First step first: we need a Node class. Here’s a really basic one:

class Node:
    """
    Really really basic Node Class

    Takes into parameter either a list of children
    or a single child
    """

    def __init__(self, children=None):
        self.pretty = "Basic Node"
        if not children:
            self.children = []
        elif hasattr(children, "__len__"):
            self.children = children
        else:
            self.children = [children]

    def __str__(self):
        return "Node"

    def __repr__(self):
        return self.pretty

Creating the required nodes and writing rewrite()

Here’s the interesting part: we need to think about how we want to implement the rewrite() functions in every node we define. It needs to produce valid LaTeX (and, if possible, human-readable LaTeX).

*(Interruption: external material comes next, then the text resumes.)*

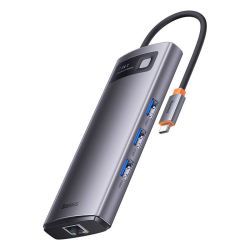  Baseus Hub 7w1 Baseus Metal Gleam sorozat, USB-C do 3x USB 3.0 + 2x HDMI + USB-C PD + Ethernet RJ45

Here’s how I implemented it (you need to know how the grammar environment in the syntax package of LaTeX work):

class RelevantDataNode(Node):
    """
    A node that contains all grammar rules.
    """
    pretty = "Relevant Data"

    def rewrite(self):
        code = "\\documentclass{article}\n"
        code += "\\usepackage{syntax}\n"
        code += "\\begin{document}\n"
        code += "\\begin{grammar}\n"
        previous_left = "S"
        for child in self.children:
            if child.left_member() == previous_left:
                code += child.rewrite_end()
            else:
                previous_left = child.left_member()
                code += child.rewrite_full()
        code += "\\end{grammar}\n\\end{document}\n"
        return code


class GrammarRuleNode(Node):
    """
    A node that contains a grammer rule.
    """
    pretty = "Grammar Rule"

    def left_member(self):
        return self.children.strip("'").strip('"').split(" ")[0]

    def rewrite_full(self):
        data = self.children.strip("'").strip('"').split(" ")
        if data[0].isupper() and data[0] != "S'":
            code = '\n\n    "%s" ::=' % data[0]
        else:
            code = '\n\n    <%s> ::= ' % data[0]
        for child in data[2:]:
            if child.isupper():
                code += ' "%s"' % child
            else:
                code += " <%s>" % child
        code += "\n"
        return code

    def rewrite_end(self):
        data = self.children.strip("'").strip('"').split(" ")
        code = "        \\alt"
        for child in data[2:]:
            if child.isupper():
                code += ' "%s"' % child
            else:
                code += " <%s>" % child
        code += "\n"
        return code

Back to the parser!

At the beginnig we need to import the AST file:

import ast as AST

Then, we need to redefine some p_ functions in order to create the AST:

@staticmethod
def p_relevantdata(p):
    """RelevantData : DataLines"""
    p[0] = AST.RelevantDataNode(p[1])

@staticmethod
def p_grammarrule(p):
    """DataLine : LPAREN GRAMMARRULE RPAREN"""
    # Let's discard the parenthesis, we don't need those
    p[0] = AST.GrammarRuleNode(p[2])

Let’s make it work!

In your ipython call:

import myyacc

parser = myyacc.MyParser()
ast = parser.parse_file("/tmp/parsetab.py")
code = ast.rewrite()
with open("/tmp/grammar.tex", "w") as grammar:
    grammar.write(code)

And then compile your grammar.tex file and see if you have the correct output!